# Training a ground-up MLP in native Julia (yes, on MNIST).

Is Julia going to kill Python? Who knows; probably not. But it’s certainly a fun, modern, and interesting language to use, and especially appealing for scientists with a MATLAB background like me. It’s got a unique combination of features: it’s 1-indexed, dynamically typed but (just-in-time) compiled, has a wonderful built-in package manager, and is a breeze to use interactively (concurrent use of scripting and the REPL feels *very* much like MATLAB development). I was keen to dive into getting to know native Julia, and despite regularly using PyTorch and Tensorflow I’ve never actually coded up backpropagation “by hand” myself before — hence this project and post. Two birds, one stone.

In this article we’ll build a simple multilayer perceptron (MLP) and implement backpropagation in native Julia, to classify digits in the MNIST dataset (yes, it’s another MNIST medium post — cuff me). The `mercury`

repo that accompanies this post is available here, just open and run `main.jl`

. Along the way we’ll explore some key Julia features / paradigms like some important data structures, dynamic dispatch of functions, package management, and plotting.

There are of course already proper, optimised neural network / machine learning libraries (see for example flux, and a plucky, little known underdog tensorflow). I’m hoping this article is of interest for people like me looking to see backpropagation nuts and bolts, as well as Julia in action.

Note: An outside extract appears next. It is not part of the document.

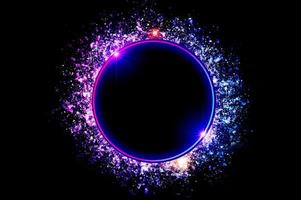 The circular frame is a neon light surrounded by sparkling stars. photo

**Part 1** will focus on building from the ground-up a neural network capable of a simple forward pass. We’ll train it with the backpropagation algorithm in **Part 2**, and evaluate it in **Part 3**.

# Part 1 — A forward pass

## Setup and nomenclature

We’ll build a simple three-layer MLP, taking MNIST [28 x 28] images as input, and selecting one of 10 classes.

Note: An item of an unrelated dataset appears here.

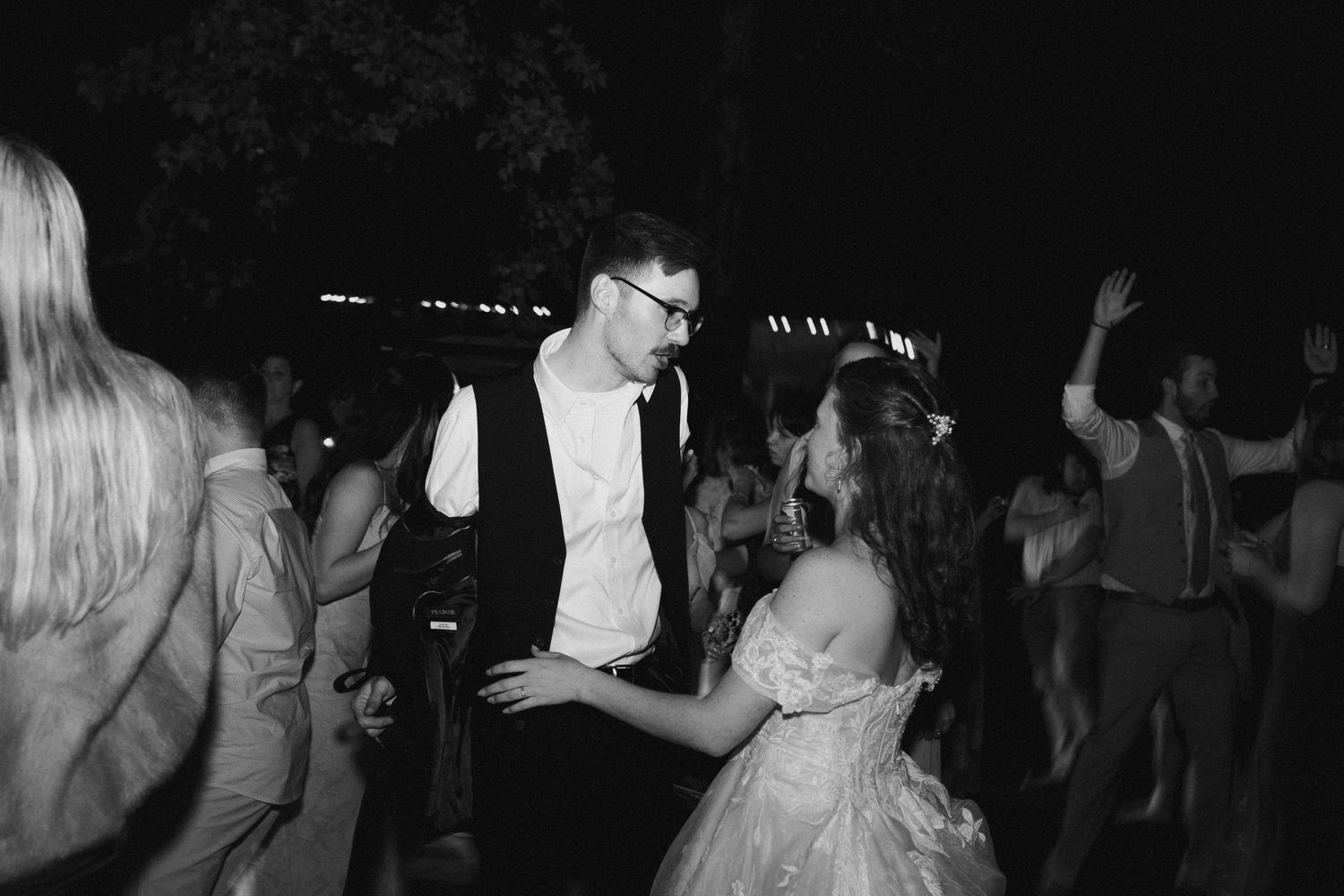 Wedding guests dancing at a nighttime reception while the newlyweds share a special moment on the dance floor.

The functional form of this model is:

**y** = g( **W**₃ f ( **W**₂ f( **W**₁ **X**+ **b**₁ ) + **b**₂ ) + **b**₃)

In which Wₙ are our weight matrices, and Bₙ are our bias vectors. The activation functions f, g we use in this model are a ReLU and a Softmax respectively. **y **(our prediction) approximates **Y** (the true value) as a function of observations (pixel values) **X**. Statistics purists please forgive this notation.

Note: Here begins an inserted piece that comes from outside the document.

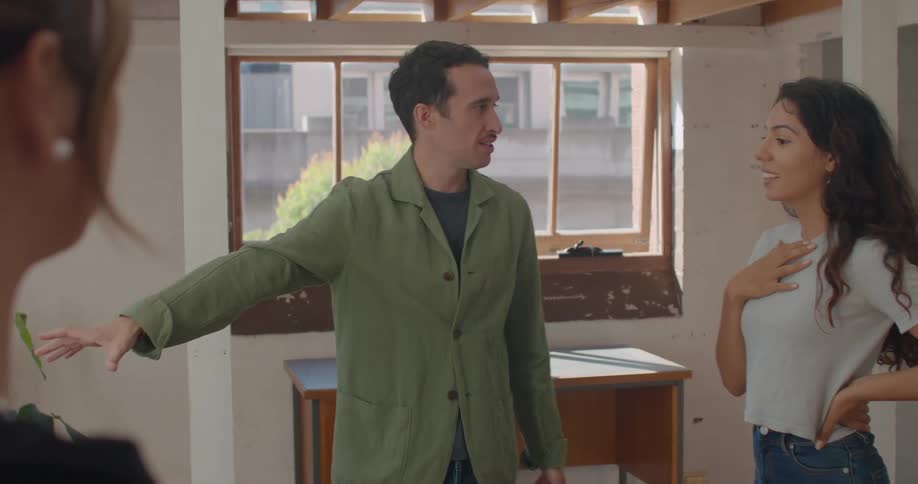 A couple discuss the space and possible renovations while looking at an apartment with a realtor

Here we’re not too concerned about eeking out the last 1% of accuracy, so the dimensionality of the hidden layers is a fairly arbitrary choice. We’ll go [784, 32, 32, 10] for simplicity. **W**₃ is then a 32 x 784 matrix, **b**₂ is a 32 x 1 vector, *etc*.

## Building blocks

Julia is not really meant to be used as an object-oriented language like Python. While you can define a `struct`

, this is a “composite data type” rather than a Python `object`

, and does not have methods defined in its definition. There’s no sense of calling `neural_net.forward()`

in which we can access `neural_net.attribute_1`

, for example.

Instead, in Julia we rely on “dynamic dispatch”, in which functions are defined uniquely for varied input data types. So `forward(x:Array{Float64,2})`

, can call completely different code to `forward(x:Int)`

. The concept is similar to “overloading” functions in eg. Java, but as this interesting StackOverflow post points out, overloading corresponds to deciding the function to be called at *compile* time, while in Julia we decide at *run* time.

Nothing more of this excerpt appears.